Output only the lines of the entries that follow, starting at the one with "Volvo XC 60 B4 D AWD Momentum - 35" and running down to the one with "3 bedroom 2", both included and unchanged.

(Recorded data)
--------------------
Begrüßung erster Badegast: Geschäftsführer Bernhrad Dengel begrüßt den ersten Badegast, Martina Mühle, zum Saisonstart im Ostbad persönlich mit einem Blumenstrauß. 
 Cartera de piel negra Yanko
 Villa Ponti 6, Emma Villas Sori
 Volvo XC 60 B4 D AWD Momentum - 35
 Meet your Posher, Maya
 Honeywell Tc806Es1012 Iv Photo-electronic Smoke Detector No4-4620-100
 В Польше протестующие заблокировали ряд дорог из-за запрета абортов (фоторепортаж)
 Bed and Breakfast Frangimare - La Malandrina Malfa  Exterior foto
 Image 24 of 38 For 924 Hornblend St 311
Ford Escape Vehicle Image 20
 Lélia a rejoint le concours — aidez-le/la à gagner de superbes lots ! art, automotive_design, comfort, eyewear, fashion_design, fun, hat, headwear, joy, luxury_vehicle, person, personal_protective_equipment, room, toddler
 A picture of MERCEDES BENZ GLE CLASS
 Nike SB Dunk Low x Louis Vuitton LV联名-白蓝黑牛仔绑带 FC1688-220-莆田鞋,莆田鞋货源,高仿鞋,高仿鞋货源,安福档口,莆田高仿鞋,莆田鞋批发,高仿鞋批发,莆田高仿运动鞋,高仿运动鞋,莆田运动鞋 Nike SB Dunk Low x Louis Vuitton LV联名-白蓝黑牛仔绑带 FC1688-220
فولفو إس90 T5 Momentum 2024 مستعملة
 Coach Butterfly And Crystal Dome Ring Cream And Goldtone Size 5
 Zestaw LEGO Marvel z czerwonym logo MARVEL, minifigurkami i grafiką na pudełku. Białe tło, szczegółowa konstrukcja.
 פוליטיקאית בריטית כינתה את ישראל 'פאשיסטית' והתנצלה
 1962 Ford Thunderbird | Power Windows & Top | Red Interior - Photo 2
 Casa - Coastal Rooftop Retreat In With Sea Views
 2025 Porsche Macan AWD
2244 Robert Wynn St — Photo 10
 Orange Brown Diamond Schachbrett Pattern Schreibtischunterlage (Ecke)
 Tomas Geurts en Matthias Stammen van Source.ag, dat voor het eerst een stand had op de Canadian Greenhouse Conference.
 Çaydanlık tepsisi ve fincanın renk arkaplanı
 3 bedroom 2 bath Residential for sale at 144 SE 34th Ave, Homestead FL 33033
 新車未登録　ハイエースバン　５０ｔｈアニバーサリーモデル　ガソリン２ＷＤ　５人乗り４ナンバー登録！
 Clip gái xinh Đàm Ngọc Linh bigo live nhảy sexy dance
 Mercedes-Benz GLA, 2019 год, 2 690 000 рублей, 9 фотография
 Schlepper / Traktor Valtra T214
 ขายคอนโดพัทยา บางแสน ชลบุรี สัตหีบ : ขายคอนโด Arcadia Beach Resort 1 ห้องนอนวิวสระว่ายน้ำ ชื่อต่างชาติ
--------------------
* **FINAL ANSWER**
 Volvo XC 60 B4 D AWD Momentum - 35
 Meet your Posher, Maya
 Honeywell Tc806Es1012 Iv Photo-electronic Smoke Detector No4-4620-100
 В Польше протестующие заблокировали ряд дорог из-за запрета абортов (фоторепортаж)
 Bed and Breakfast Frangimare - La Malandrina Malfa  Exterior foto
 Image 24 of 38 For 924 Hornblend St 311
Ford Escape Vehicle Image 20
 Lélia a rejoint le concours — aidez-le/la à gagner de superbes lots ! art, automotive_design, comfort, eyewear, fashion_design, fun, hat, headwear, joy, luxury_vehicle, person, personal_protective_equipment, room, toddler
 A picture of MERCEDES BENZ GLE CLASS
 Nike SB Dunk Low x Louis Vuitton LV联名-白蓝黑牛仔绑带 FC1688-220-莆田鞋,莆田鞋货源,高仿鞋,高仿鞋货源,安福档口,莆田高仿鞋,莆田鞋批发,高仿鞋批发,莆田高仿运动鞋,高仿运动鞋,莆田运动鞋 Nike SB Dunk Low x Louis Vuitton LV联名-白蓝黑牛仔绑带 FC1688-220
فولفو إس90 T5 Momentum 2024 مستعملة
 Coach Butterfly And Crystal Dome Ring Cream And Goldtone Size 5
 Zestaw LEGO Marvel z czerwonym logo MARVEL, minifigurkami i grafiką na pudełku. Białe tło, szczegółowa konstrukcja.
 פוליטיקאית בריטית כינתה את ישראל 'פאשיסטית' והתנצלה
 1962 Ford Thunderbird | Power Windows & Top | Red Interior - Photo 2
 Casa - Coastal Rooftop Retreat In With Sea Views
 2025 Porsche Macan AWD
2244 Robert Wynn St — Photo 10
 Orange Brown Diamond Schachbrett Pattern Schreibtischunterlage (Ecke)
 Tomas Geurts en Matthias Stammen van Source.ag, dat voor het eerst een stand had op de Canadian Greenhouse Conference.
 Çaydanlık tepsisi ve fincanın renk arkaplanı
 3 bedroom 2 bath Residential for sale at 144 SE 34th Ave, Homestead FL 33033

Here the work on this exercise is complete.